Live Review: The Used – 25 Years Over 3 Nights In Brisbane

Live Review: The Used – 25 Years Over 3 Nights In Brisbane

Photo: Andrew Treadwell

25 years is a long time no matter what you are doing in life. Let alone be in a band. The relationships, the personalities, the dynamics are just some of the things that come into play. Add money, fame, in some cases substances and addiction, and all the odds are stacked against not just success, but longevity. The Used, have dispelled all of this. No ‘Flash In A Pan’. No ‘One Hit Wonder’. No ‘15 Minutes Of Fame’. Try 25 Years Of The Used, and you have got it right! And the band hit Australian shores with a plethora of sold out shows across the country, and we were lucky to celebrate with them over 3 shows at Brisbane’s iconic The Tivoli.

Before The Used stepped into the spotlight each night, it was Canberra’s own Hands Like Houses who shouldered the responsibility of firing up the room. Across all three evenings, they proved they weren’t just placeholders. They were scene-setters. With Josh Raven now leading the charge since 2023, the band feels revitalised. He commands attention with ease, pulling the crowd into their orbit even if many weren’t there specifically for them.

There’s a sharpness to their live sound that’s impossible to ignore. Every transition, every riff, every vocal soared with clarity, and by the midpoint of the set they had the audience locked in. Their take on Chris Isaak’s “Wicked Game” drew one of the loudest reactions of the night, yes, it’s a song that’s been reimagined countless times, my personal favourite is Corey Taylor, but Hands Like Houses put in a respectable version.
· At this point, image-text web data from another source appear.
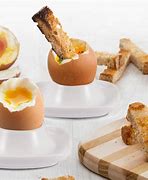 Image result for Soft Boiled Egg Cups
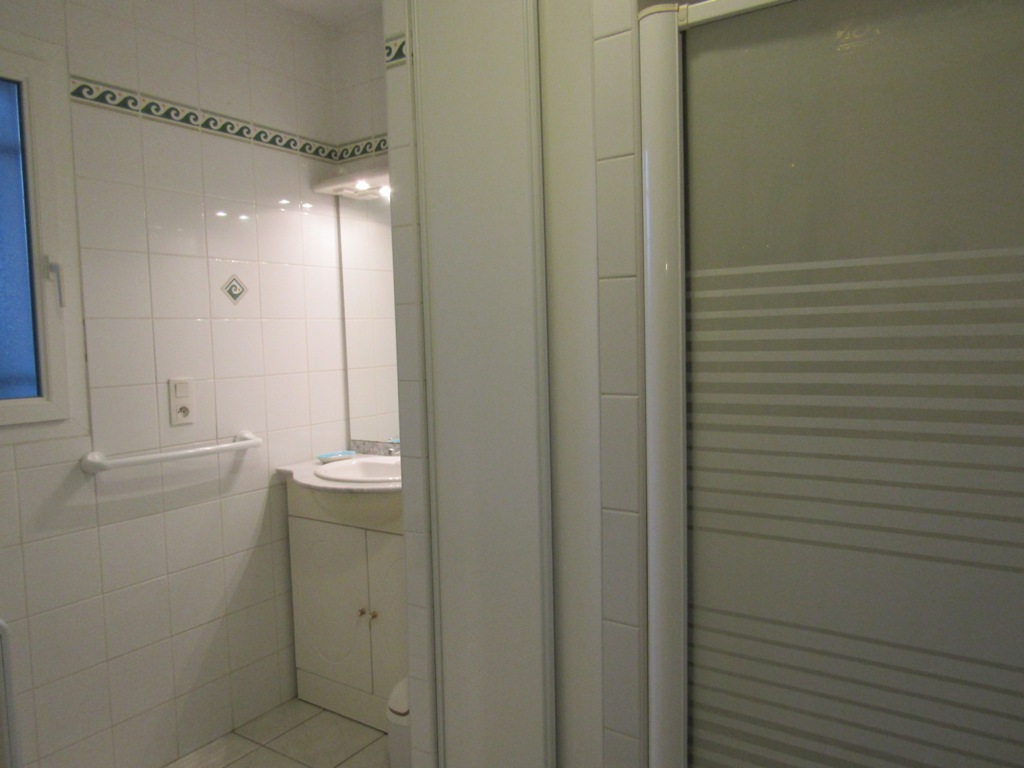 Gîte Vert - photo 5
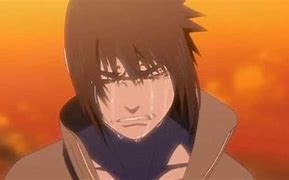 Image result for Sad Moments in Anime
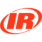 Logo Ingersoll Rand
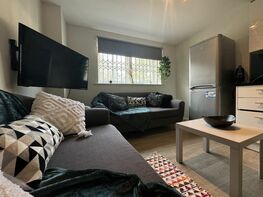 Forster Street (D), Lenton - Image 2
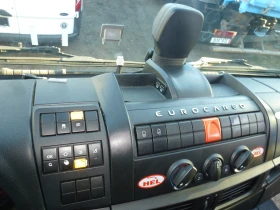 Iveco Eurocargo120e 11990кг., 18 палетен, снимка 13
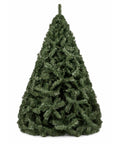 Arbol de Navidad Pino Supremo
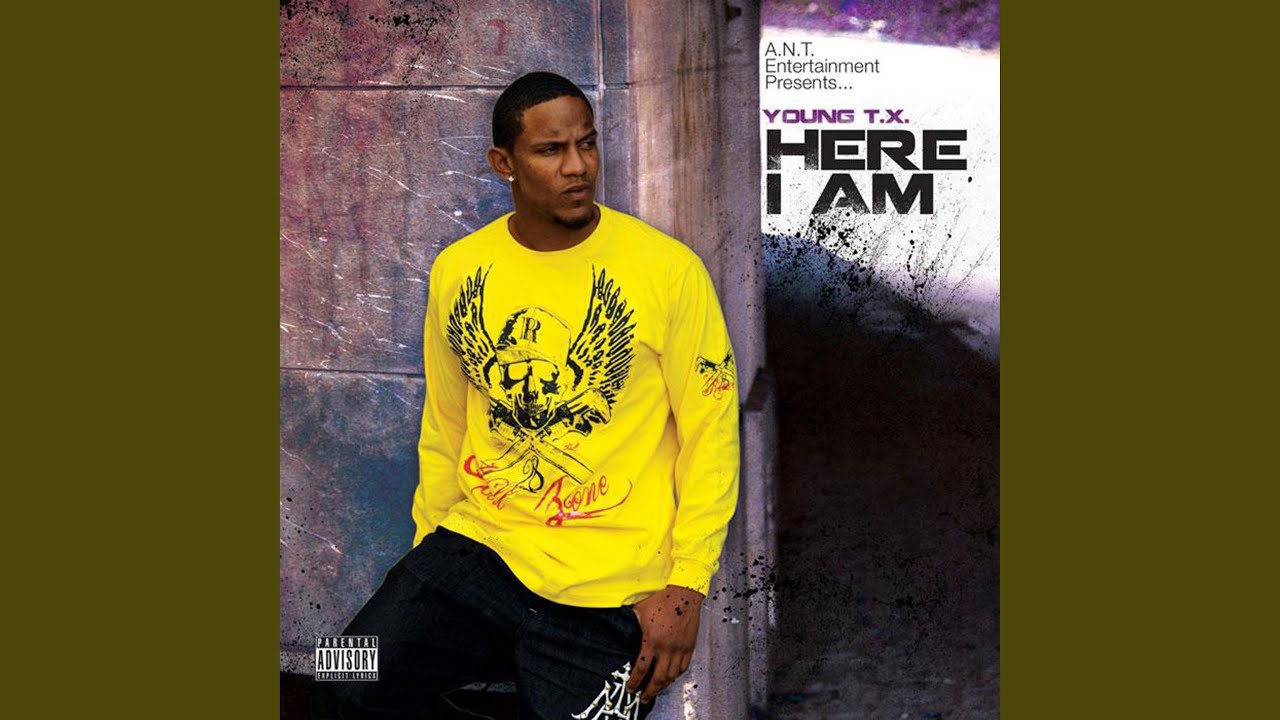 Dinner Time (feat. Kenny 2gone)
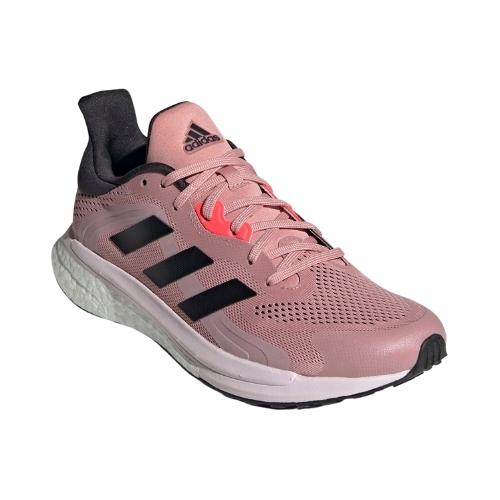 Adidas Solarglide 4 ST Women's Running Shoes - Kloppers Sport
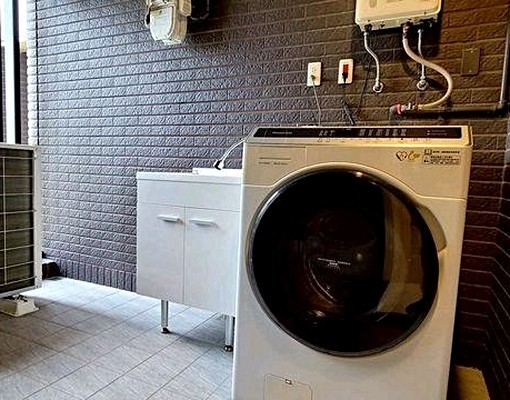 豪宅3房屋况新(裝潢美傢俱電+平面車位 - Image 10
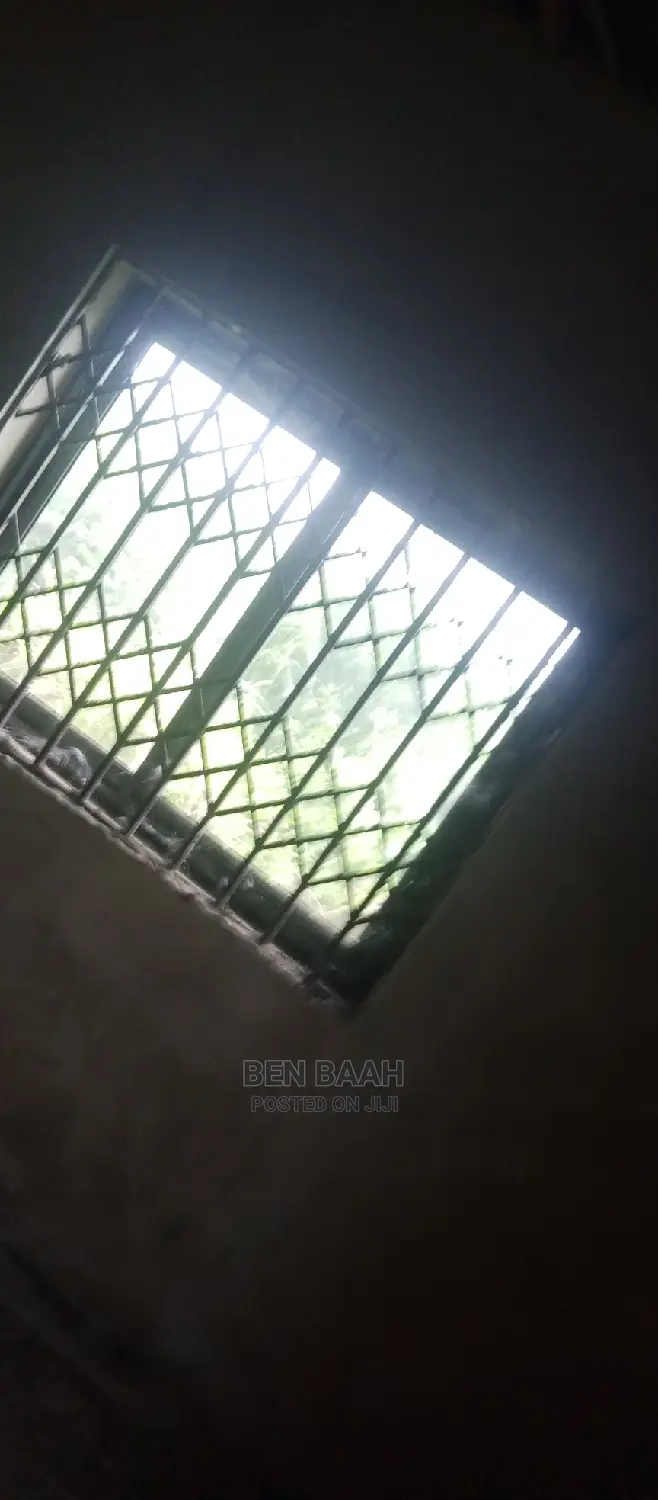 3bdrm House in Ben Properties, Accra Metropolitan for sale in Accra Metropolitan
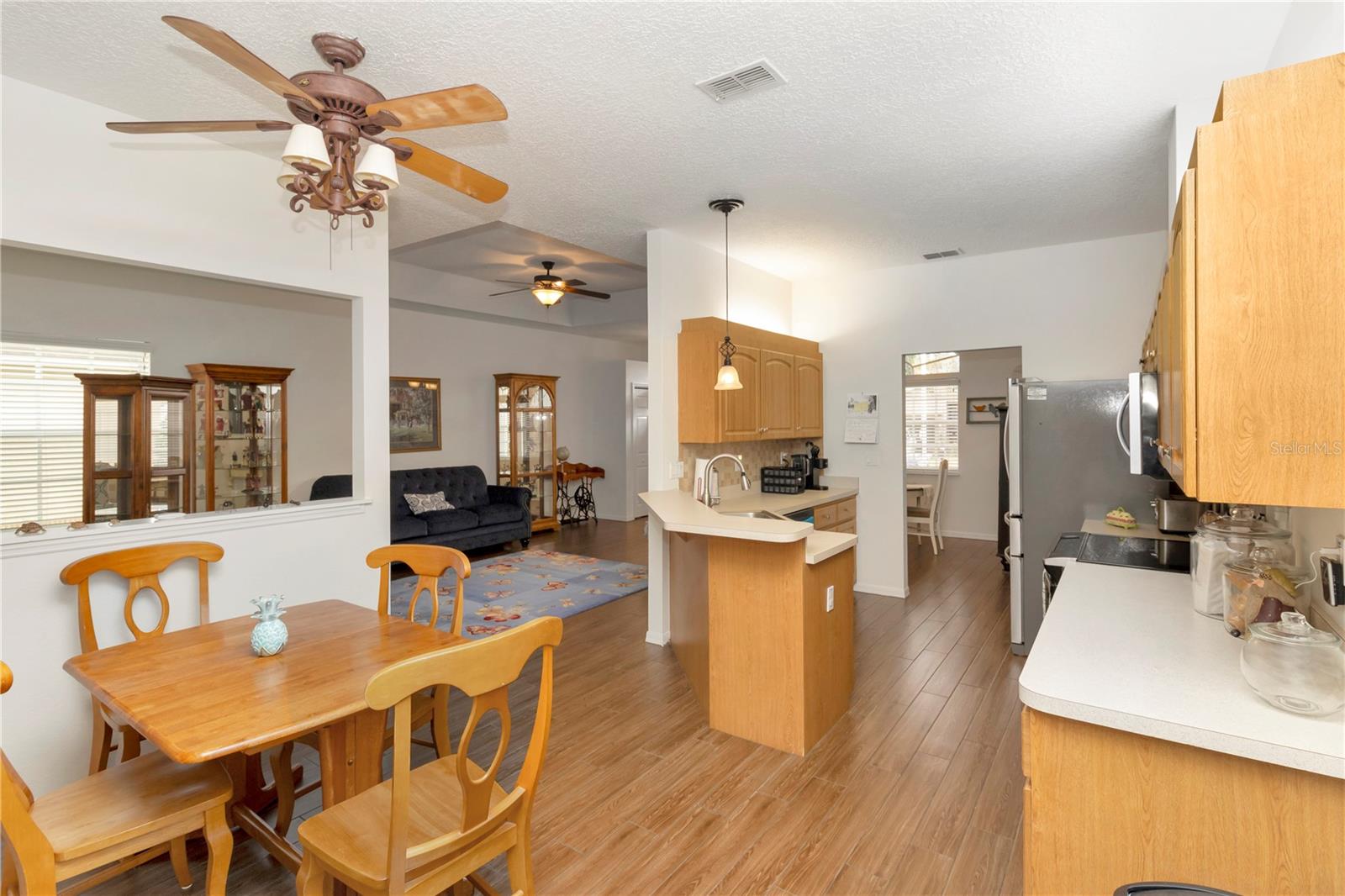 13113 TITLEIST DR, HUDSON, FL, 34669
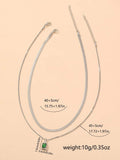 //img.ltwebstatic.com/v4/j/spmp/2025/04/10/91/1744249355794e168c2f35c54ddb7c0beb9f739929_thumbnail_900x.webp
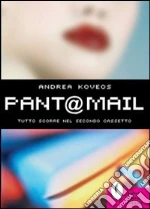 Koveos Andrea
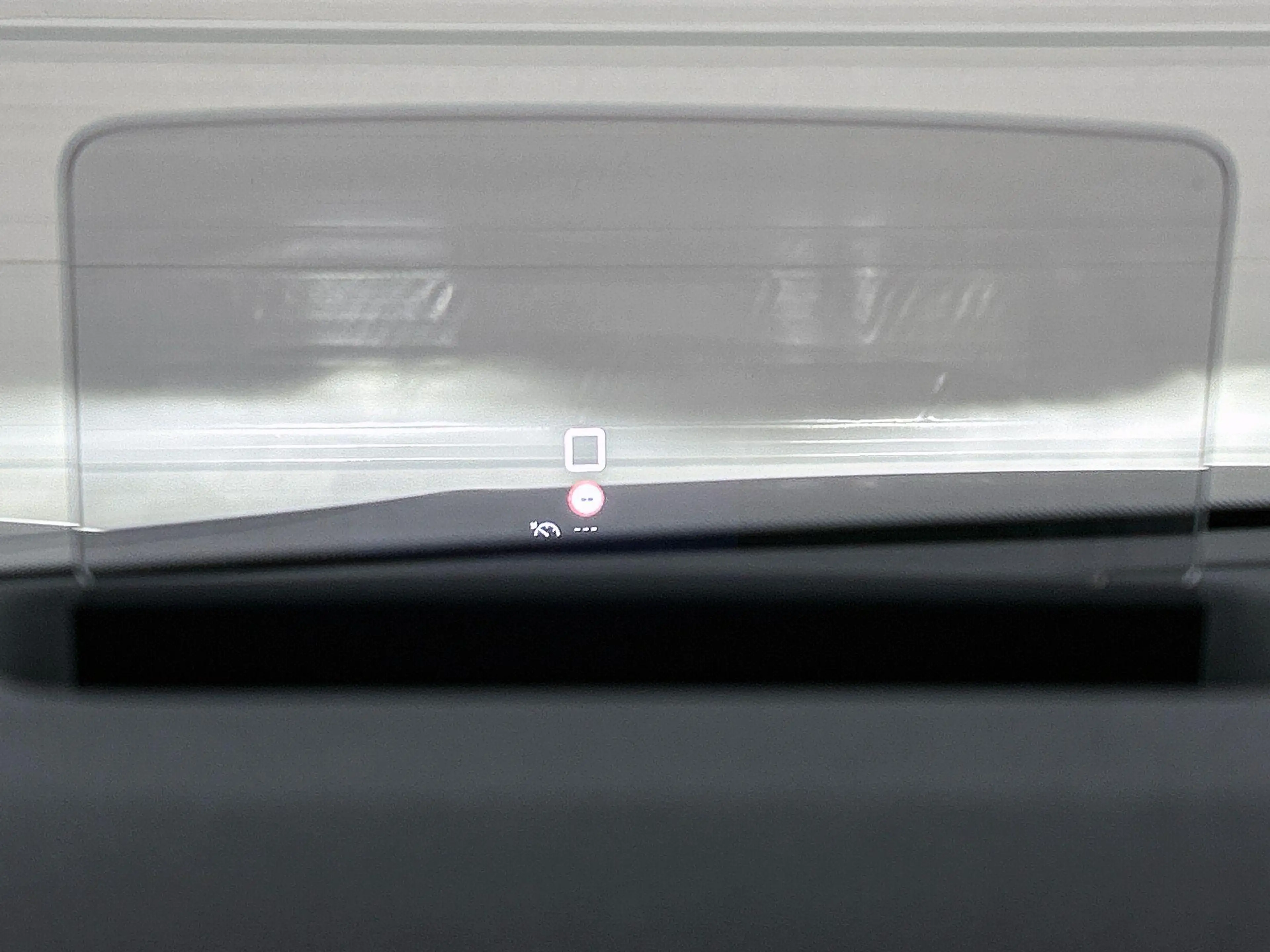 Citroen E-C4 Electric Feel Edition 136pk 50 kWh Automaat | Head-Up Displ — photo 15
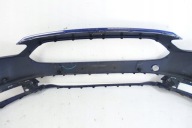 FORD S-MAX MK2 II 2015- bumper front front EM2B-17F003-N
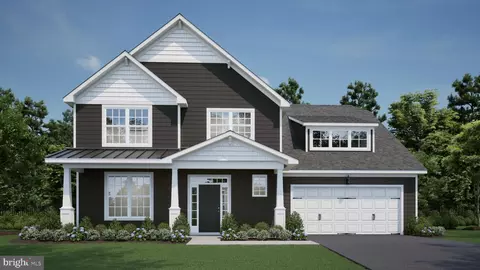 006 Kuhn Ln, Lewes, DE 19958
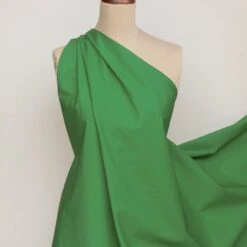 Adele Apple Poplin -Silk Haven Shop IMG 9945 8cc41285 beae 4c4b 80a1 df3e9e4f278e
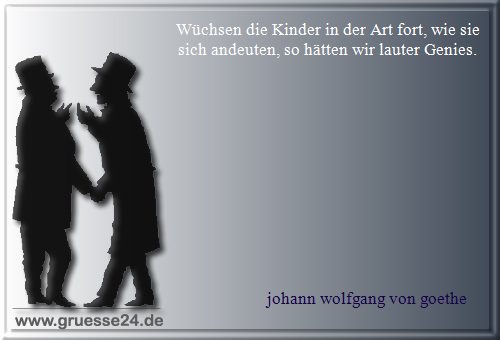 kindheit-006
As we waited for the main attraction, each night the stage was covered in a white scrim, not just keeping the stage set secret but also to display the awesome intro projection for each night which showed highlights from that particular era of the band.

Night One: Self-Titled

Some records are cultural timestamps, and The Used’s debut sits proudly in that category. The Tivoli crowd on the opening night wasn’t made up of kids in eyeliner anymore. It was an audience who had grown older but never outgrown the songs. Within seconds of the opening riff of “Maybe Memories,” the room was hurled backward in time.

“The Taste of Ink” still hit like a generational battle cry, voices so loud they nearly drowned the band out. From the ferocity of “Bulimic” to the ache of “Poetic Tragedy,” the setlist showcased everything that made the record a cornerstone. When “Buried Myself Alive” arrived, the venue practically shook with the sheer force of the sing-along.

Moments of intimacy balanced the chaos. “On My Own” silenced the room into a hushed sway, while deep cuts like “Noises and Kisses” reminded long-time fans just how layered this record really is. Ending with “Choke Me,” plus those hidden tracks from the CD era, gave the night a sense of completeness, as if the crowd had truly stepped back into 2002 and lived it all again.

Night Two: In Love and Death

The second chapter of the trilogy carried a different weight. In Love and Death has always been heavier, steeped in heartbreak and survival, and the live performance reflected that.

From the moment the curtain dropped, Bert McCracken radiated gratitude. The angst-ridden figure of years past had given way to a frontman who was clearly at peace yet still fiercely passionate. He teased, he laughed, he shared stories, and above all, he connected.

“Hard to Say” became the defining moment of the set—Bert acknowledging how much it had once meant to him before the audience roared it back like an anthem. The album played out in its entirety, unaltered, reminding everyone how potent it still is when left untouched. No encore gimmicks, no distractions—just a record that stood tall on its own.

Night Three: Lies for the Liars

By the third night, the crowd was running on adrenaline and nostalgia, and Lies for the Liars was the perfect soundtrack. The atmosphere was part celebration, part confession, with fans giving every last ounce of energy they had left.

The swagger of “Pretty Handsome Awkward” kicked the evening into chaos, while “The Bird and the Worm” transformed the Forum into something theatrical and surreal. The volume of the crowd was so immense it often felt like they were singing louder than the PA itself.

When “With Me Tonight” rolled around, Bert stepped back and let the audience take over, their voices layered together in a thunderous wave that filled every inch of the venue. The closing moments of “Smother Me” wound things down in haunting fashion, reminding everyone that this album was built on both chaos and tenderness—and both hit just as hard in 2025.

Three records. Three nights. A quarter of a century of memories pulled into the present. This wasn’t just about hearing old songs It was about reconnecting with a piece of who we used to be, and realizing how much those songs still matter now.

Some bands from the early 2000s scene have disappeared, others feel like shadows of what they once were. The Used aren’t either of those things. They’re still vital, still vulnerable, still capable of commanding a room full of people who have carried their lyrics through every chapter of life.

These shows weren’t nostalgia, they were proof that The Used still mean as much today as they did when they first tore through our headphones all those years ago.